A previous post on the topic discusses SEBI’s recent proposal towards “wilful defaulters”. This guest post discusses in detail the current regime imposed by the RBI and also comments briefly on the SEBI proposal as well as relevant case law on the topic]
The multifarious attempts of the Reserve Bank of India (RBI) in dealing with wilful defaulters gets further weight by the Securities and Exchange Board of India (SEBI) proposing to completely bar such “freeloaders” from tapping financial markets .
The RBI has already put in place plethora of norms, be it with regard to the recovery process or the categorisation of borrowers as non-cooperative or wilful. SEBI’s move to further ostracize wilful defaulters makes it clear that the intent is to choke all sources of funds, close all avenues that may be available and send such defaulters on a financial exile forever.

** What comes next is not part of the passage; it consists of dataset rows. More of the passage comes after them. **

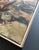 Alfred Richter, Positano, 1960, Oil Painting on Canvas, Framed For Sale - Image 6 of 10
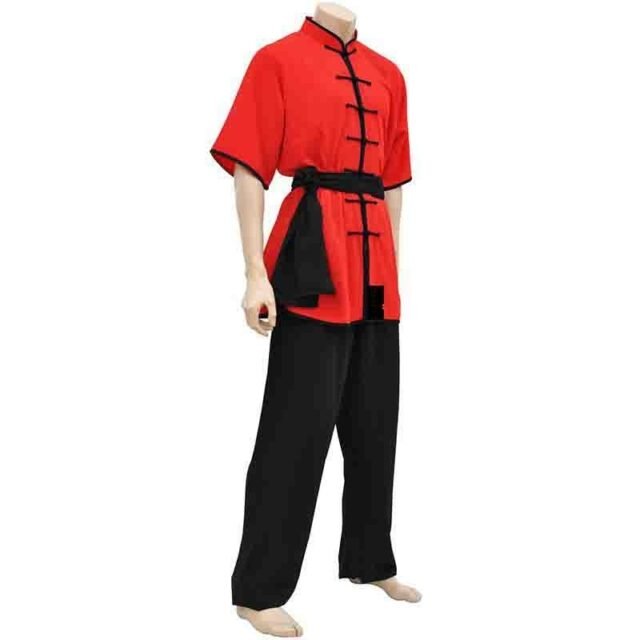 Kung Fu Uniform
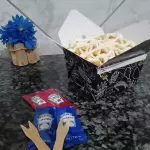 Batata e Requeijão 500g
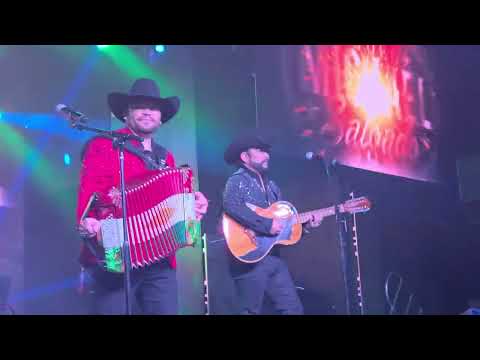 Michael Salgado-"Relampagos Popurri" Live@ Rainbow Ballroom Fresno 3/28/26
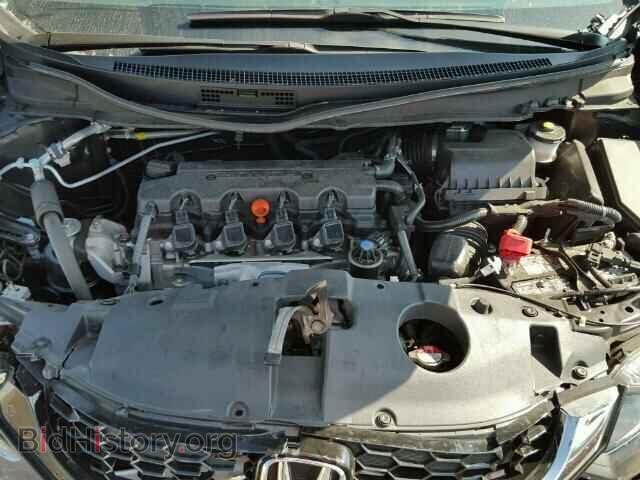 2014 HONDA CIVIC - VIN: 19XFB2F87EE076570 - Photo 7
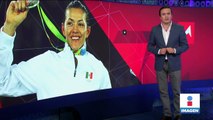 María del Rosario Espinoza, la mujer que brilló en el tatami como taekwondoín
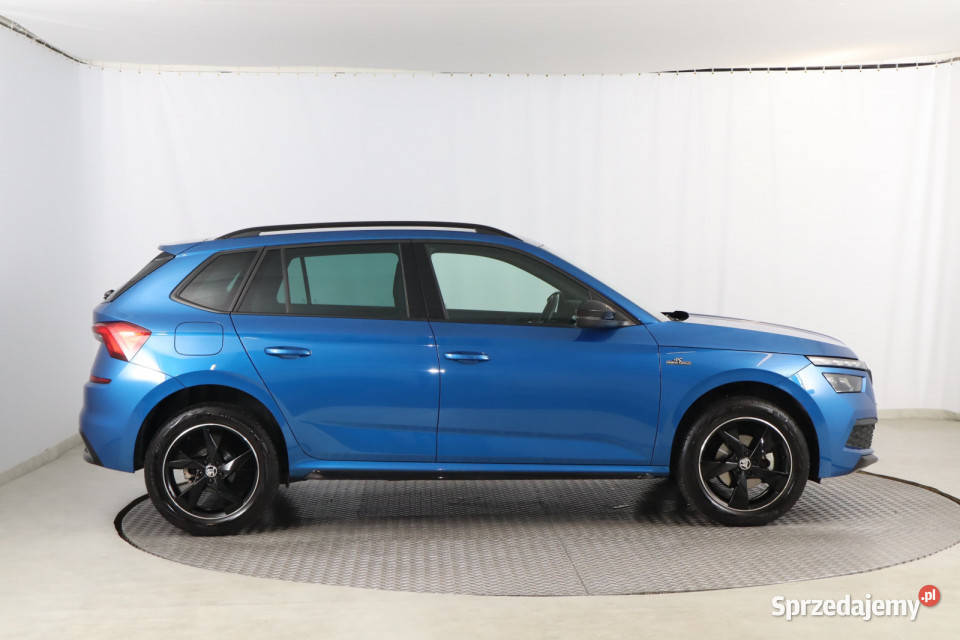 Skoda Kamiq 10 TSI 4/5 śląskie Zabrze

This post is an attempt to analyse the requirement of such stringent norms for recovery of loans and whether barring such freeloaders from financial markets will help decrease the levels of non-performing assets (NPAs) in the economy.
RBI Guidelines on Wilful Defaulters
The updated RBI guidelines of January 7, 2015 (Revised Guidelines) now define "wilful default" as the occurrence of any of the following events:
a. The unit has defaulted in meeting its payment / repayment obligations to the lender even when it has the capacity to honour the said obligations or when the unit has not utilised the finance for for the specific purposes for which finance was availed of but has diverted the funds for other purposes.
b. The unit has siphoned off the funds so that the funds have not been utilised for the specific purpose for which finance was availed of, nor are the funds available with the unit in the form of other assets. It is pertinent to note here that under the Revised Guidelines transfer of borrowed funds to subsidiaries /group companies or other body corporates by any modality now falls within the meaning of siphoning off funds.
c. The unit has disposed off or removed the movable fixed assets or immovable property given by him or it for the purpose of securing a term loan without the knowledge of the bank/lender.
The penal measures as laid down in the updated guidelines of the RBI include (i) complete blockage of additional facilities and debarment of promoter /directors of companies classified as wilful defaulters; (ii) foreclosure and recovery of dues processes and against wilful defaulters; (iii) change of management of the wilfully defaulting borrower unit; (iv) non induction on corporate boards of persons whose names appear in the wilful defaulter list; (v) sharing the list of wilful defaulter with SEBI to prevent access from capital markets; (vi) criminal proceedings for cheating, dishonest misappropriation of property, and criminal breach of trust against wilful defaulters.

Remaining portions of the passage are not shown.